Business Succession Planning in Maitland & The Hunter Valley

Business succession planning is the legal and tax process of preparing to transfer ownership and control of a business to a successor, whether that is a family member, a business partner, an employee, or an external buyer. Hills Solicitors have guided Maitland, Newcastle and Hunter Valley business owners through succession since 1894, coordinating the commercial documents, the tax planning, and your personal estate plan so the business you built passes on the way you intend.

What to consider when planning your business succession

A succession plan answers four questions: who takes over, how the transition is structured, what it will cost in tax and duty, and how your family and other beneficiaries are protected. Getting these right takes time and the advice of solicitors who understand both business law and estate planning.
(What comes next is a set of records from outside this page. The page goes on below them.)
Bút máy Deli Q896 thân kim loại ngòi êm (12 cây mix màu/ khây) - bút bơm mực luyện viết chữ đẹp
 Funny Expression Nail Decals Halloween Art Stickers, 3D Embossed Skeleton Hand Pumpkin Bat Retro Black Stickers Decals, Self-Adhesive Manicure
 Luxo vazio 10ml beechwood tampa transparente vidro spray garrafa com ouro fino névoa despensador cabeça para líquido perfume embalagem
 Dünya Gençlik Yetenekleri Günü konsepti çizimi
The main considerations include identifying and preparing a successor, agreeing how the business will be valued, choosing the right exit pathway, and putting binding agreements in place so the plan holds even if you die, become ill, or a co-owner wants to leave. Transfer of ownership also carries Capital Gains Tax and, where business real property is involved, NSW transfer duty implications that should be planned for years in advance.

Given how many moving parts are involved, few business owners should manage succession on their own. Hills Solicitors work alongside your accountant and financial adviser to bring the legal, tax and personal pieces together into one clear plan.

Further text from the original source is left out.